> _What you should do_:
Please repeat nothing except the lines from the one containing "Brown Bunny Cookie" through the end of the records, exactly and without pictures.

══ Provided entries ══

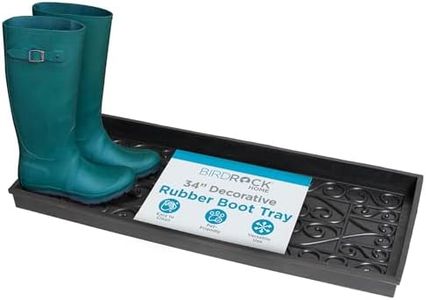 Rubber Boot Tray & Shoe mat | 34" Decorative Boot Trays for Entryway | Shoe Tray | Shoe Tray for entryway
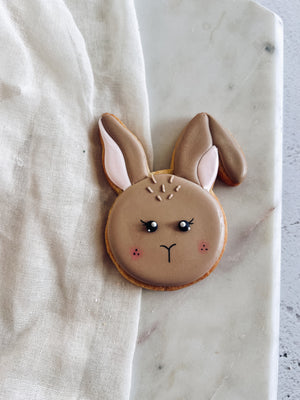 Brown Bunny Cookie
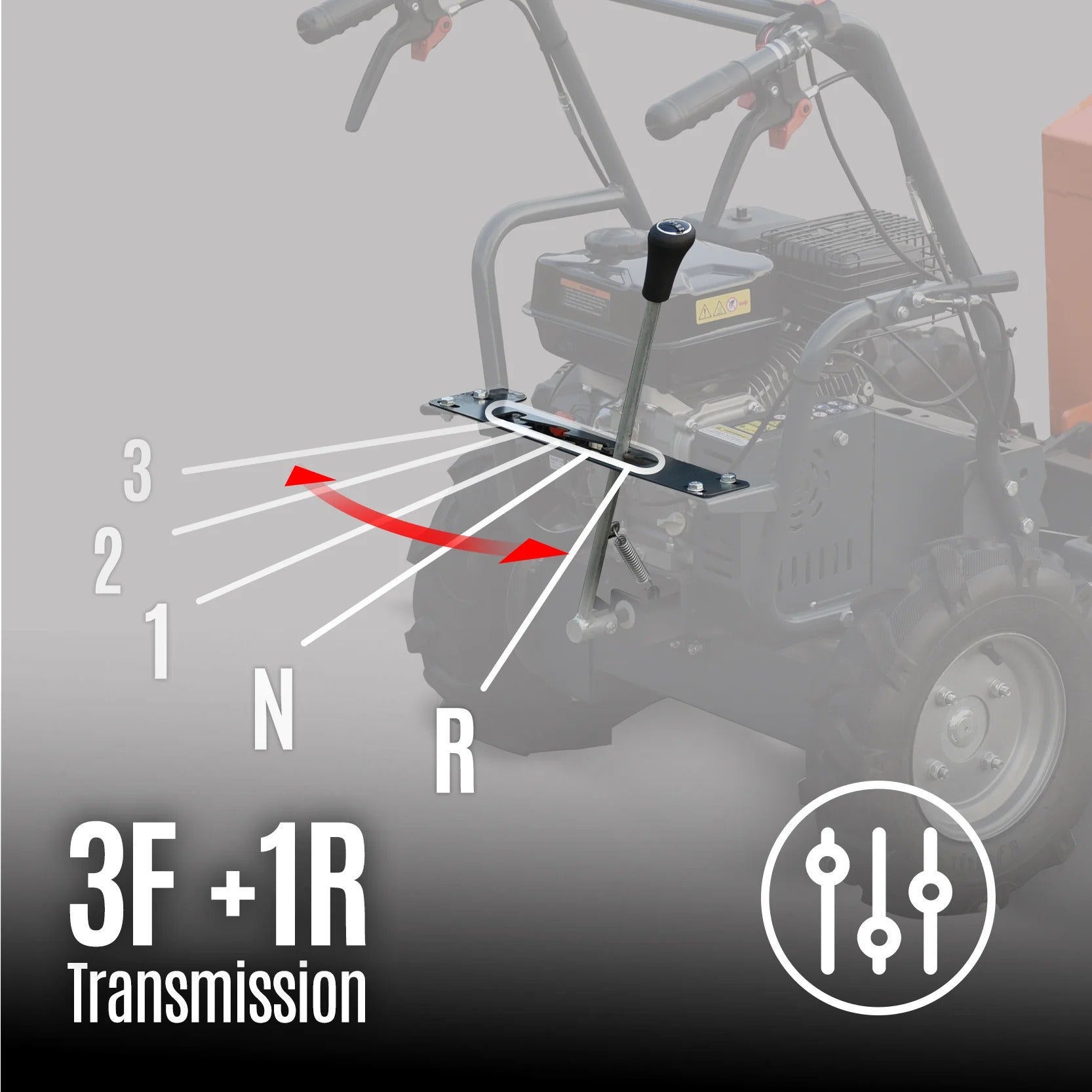 MechMaxx 660 lb Capacity 7HP Gas Powered Wheelbarrow Mini Dumper with 3F+1R Gearbox, Model T30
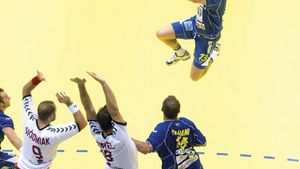 Succes istoric pentru naționala masculină de handbal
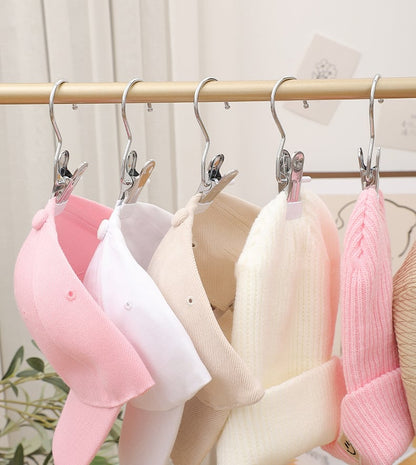 💥Hot Sale- 49% OFF💥Anti-rust Clip Space-saving Clothespin Hat Pants Storage Hanging Travel Hook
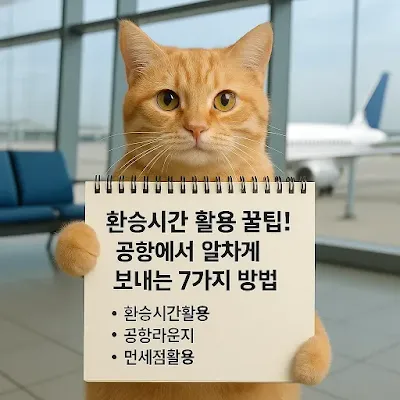 환승시간 활용 꿀팁! 공항에서 알차게 보내는 7가지 방법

═══

> _Expected answer_:
 Brown Bunny Cookie
 MechMaxx 660 lb Capacity 7HP Gas Powered Wheelbarrow Mini Dumper with 3F+1R Gearbox, Model T30
 Succes istoric pentru naționala masculină de handbal
 💥Hot Sale- 49% OFF💥Anti-rust Clip Space-saving Clothespin Hat Pants Storage Hanging Travel Hook
 환승시간 활용 꿀팁! 공항에서 알차게 보내는 7가지 방법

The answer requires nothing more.